The 1986 tome has been adapted for the stage several times, and it’s the version by Ernest Zulia and David Caldwell that the Impromptu Players of Stageworks Theatre will present Friday and Saturday via Zoom.

Virtual tickets are selling briskly. Here’s the link.

“It’s encouraging,” says Stageworks executive and artistic director Karla Hartley, “to know that people want to get out – well, get out of their minds at least – and spend some time engaging in theater. It’s good to know. And we’ll probably be doing more and more of this sort of thing.”

The Impromptu cast consists of donors and supporters “who are not actors,” Hartley explains, “lawyers, doctors, real estate folk, that kind of thing. And when the world was normal, we would do three or four of these staged readings of plays every season, as standalone fundraisers.”

Director Karen Buesing’s cast includes at least one “real” actor (Stageworks regular Kari Goetz), plus St. Pete musician, writer and man-about town Paul Wilborn providing between-scenes music. The others are Kim Cummings.

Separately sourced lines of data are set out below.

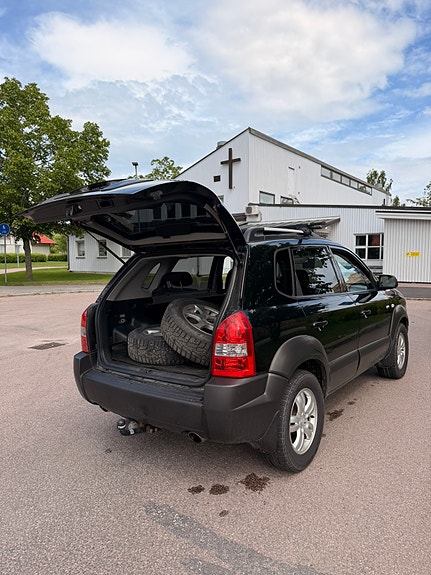 Hyundai Tucson 3 of 6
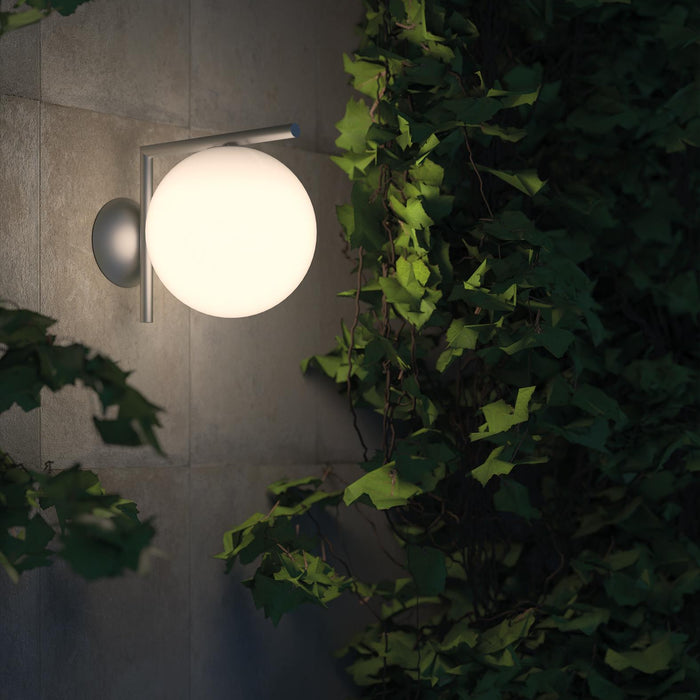 Flos IC Lights C|W1 Outdoor wandlamp donkerbruin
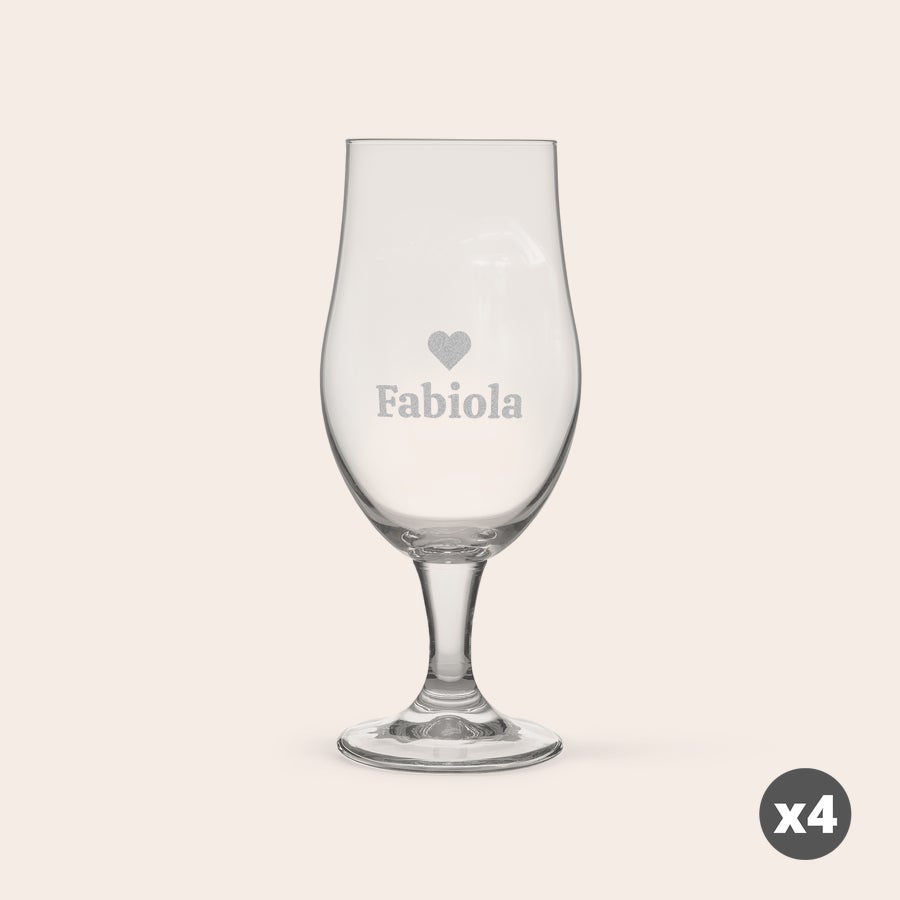 Bicchiere Pina Colada Personalizzato Un set di 4 bicchieri da pina colada con il nome Fabiola e un cuore incisi a laser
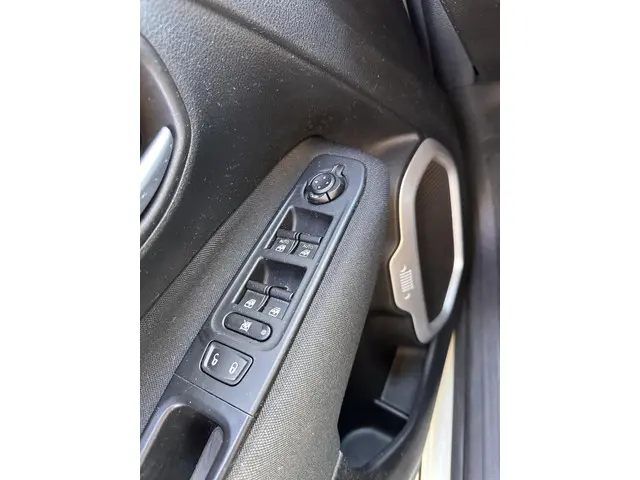 Jeep Renegade 1.4 MultiAir Longitude 2018 Benzine 15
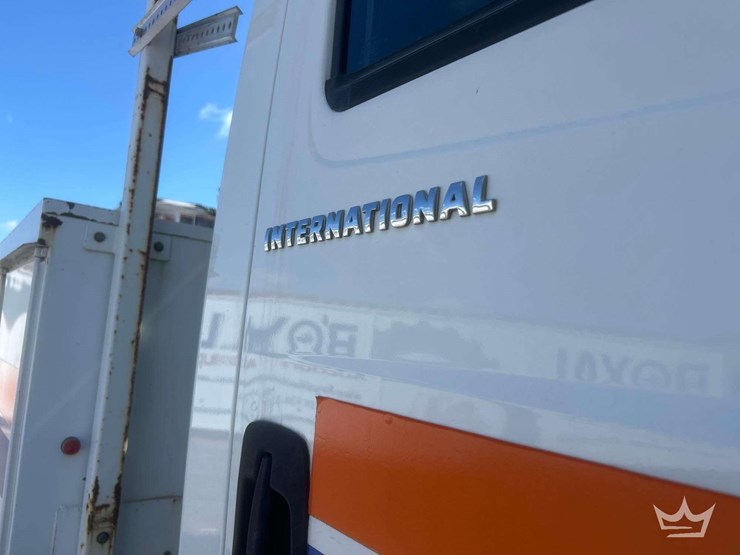 2006-international-durastar-4300-image-65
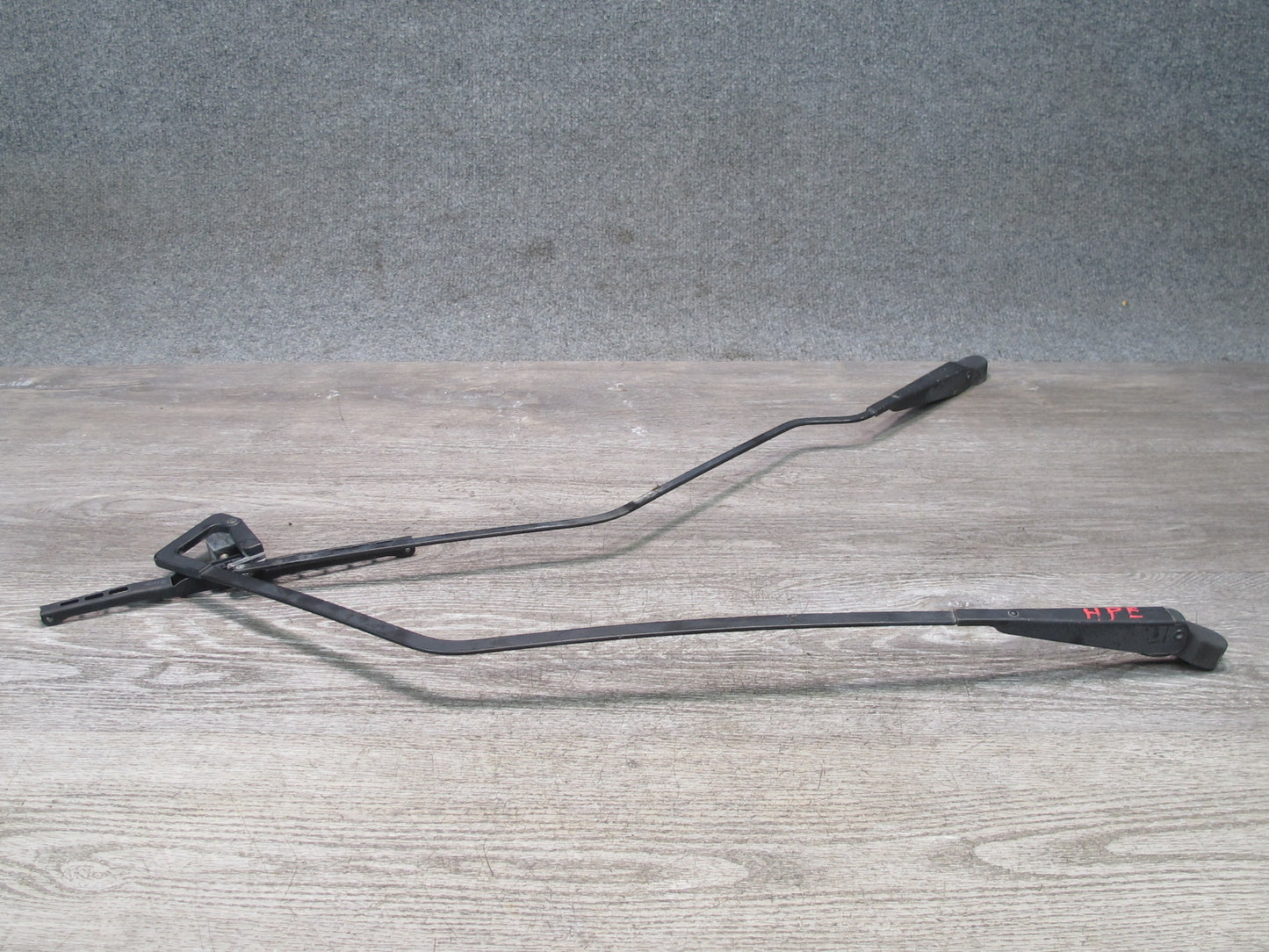 1983-1986 Porsche 928 S Set of 2 Rear Hatch Tailgate Trunk Wiper Arm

Matt Newton, Harold Oehler, Cathy Unruh, Tom Scarritt, Janet Scaglione, Jerry Slutzky and Helen Techier. “In the past, we’ve had the occasional genuine actor, but for the most part it’s non-actors who are just having a bit of fun and trying to support the theater.”

All I Really Need to Know I Learned in Kindergarten (Saturday and Sunday, Aug. 28 and 29 at 8 p.m.) is an hourlong series of vignettes, with singing and dancing.

“I think it’s a lovely play to be doing at this time,” says Hartley. “Because generally it’s about kindness, and being good to other people, which is something we need more of.”